To deposit Sn only on the Rh surface, we examined to cover the Pt surface with CO. Figure 3a–c show CO stripping voltammograms of Pt, Rh, and Pt/Rh electrodes in an Ar-saturated 0.1 M HClO4 solution after CO was adsorbed at 0.45–0.60 V vs. RHE. The onset potentials of CO stripping for the Pt and Rh electrodes were ca. 0.65 and 0.58 V, respectively, irrespective of the potential for CO adsorption (Ead) as shown in Figure 3a,b, indicating that CO on Rh was removed more easily than on Pt. For the Pt/Rh electrode, when Ead was 0.45 V, the onset potential of CO stripping was ca. 0.58 V, which was in agreement with the onset potential of CO stripping on Rh. In contrast, when Ead was 0.50 or 0.55 V, the onset potential of CO stripping shifted to 0.63 V, which was quite close to the onset potential for CO stripping on Pt. Moreover, when Ead was 0.60 V, there was no stripping peak, although the CO stripping peak for the Rh electrode was observed even at 0.6 V, as shown in Figure 3b, suggesting that the Rh adlayer for the Pt/Rh electrode was influenced by the underlying Pt, probably through an electronic perturbation [26]. Thus, for the Pt/Rh electrode, at Ead = 0.45 V, CO was adsorbed on both the Rh and Pt surface, whereas at Ead = 0.50 and 0.55 V, CO was adsorbed only on the Pt surface. Moreover, at Ead = 0.60 V, CO was not adsorbed on both Pt and Rh. The CV of the Pt/Rh electrode after the CO adsorption at 0.53 V vs. RHE was shown in Figure 3d. Two couples of redox peaks due to hydrogen adsorption/desorption on Pt disappeared, and the CV was quite similar to that of the Rh electrode, clearly indicating that CO was adsorbed only on the Pt surface to maintain bare Rh surface.
To make a tandem Pt/Rh/SnOx electrode, CO was adsorbed on the Pt surface of the Pt/Rh electrode at 0.5 V vs. RHE, and then Sn was deposited on the bare Rh surface by the H-upd method. Figure 4 shows CVs of tandem Pt/Rh/SnOx electrode as well as Pt and Pt/Rh electrodes in an Ar-saturated 0.5 M H2SO4. The two redox peaks due to the hydrogen adsorption/desorption on Pt did not change after the Sn deposition, and the redox peak current due to the hydrogen adsorption/desorption on Rh decreased as shown in Figure 4b, strongly suggesting that Sn was deposited only on the Rh surface. The coverage of Sn was estimated to be 0.07. Therefore, the Pt and Rh coverages of the tandem Pt/Rh/SnOx electrode were 0.65 and 0.28, respectively.

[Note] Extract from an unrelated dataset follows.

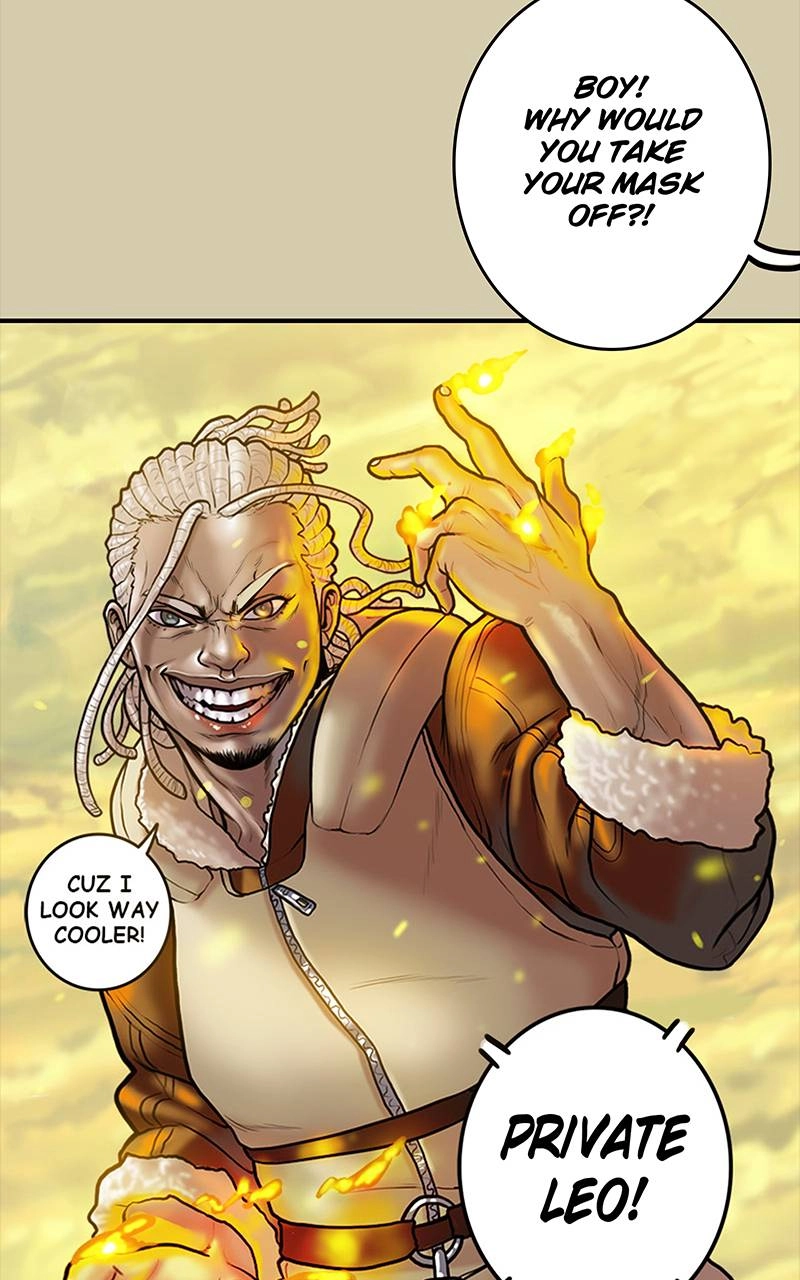 Ordeal Chapter 12 Page 30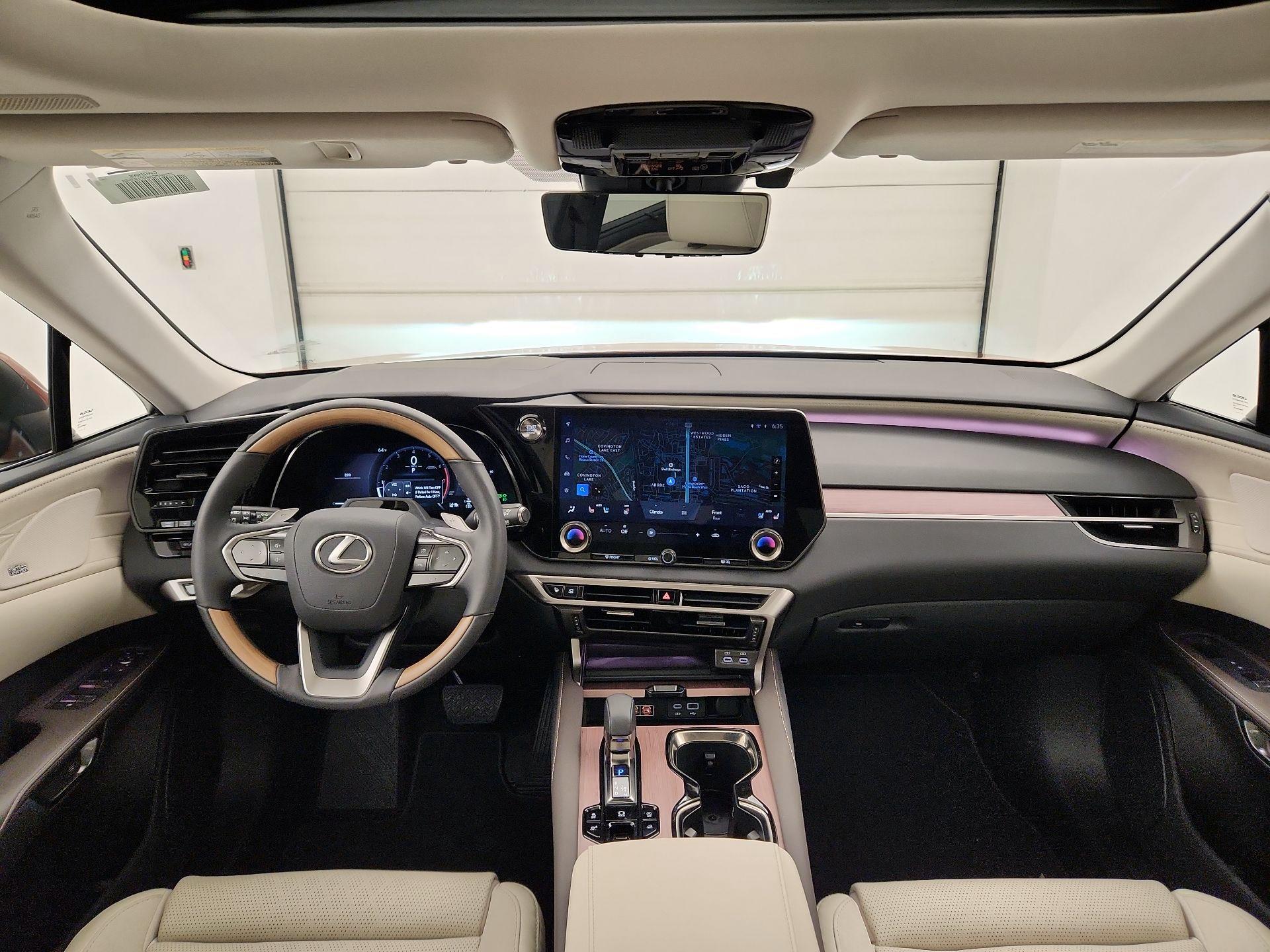 Thumbnail: 2025 Lexus RX - 8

2.2. Electronic State of Each Element for Tandem Pt/Rh/SnOx Catalyst

Figure 5 shows Pt4f, Rh3d, and Sn3d core level spectra of tandem Pt/Rh/SnOx electrode. In Figure 5a, the doublets at 71.0 and 74.3 eV were assigned to metallic Pt 4f7/2 and 4f5/2 [21]. In Figure 5b, the peak for metallic Rh 3d5/2 was detected at 307.2 eV [21], but the peak for Rh 3d3/2 at 312 eV was almost hidden by the strong peak for metallic Pt 4d5/2. The Sn3d spectrum consisted of overlapped Sn 3d5/2 and 3d3/2 doublets assigned to metallic Sn, SnO, and SnO2 as shown in Figure 5c. The contents of Sn, SnO, and SnO2 were estimated as 20, 50, and 30 mol %, respectively, indicating that the deposited Sn was mostly oxidized to SnO and SnO2, which is named SnOx hereafter. These results indicate that the Sn and Rh species on the Pt substrate exist as SnOx and metallic Rh.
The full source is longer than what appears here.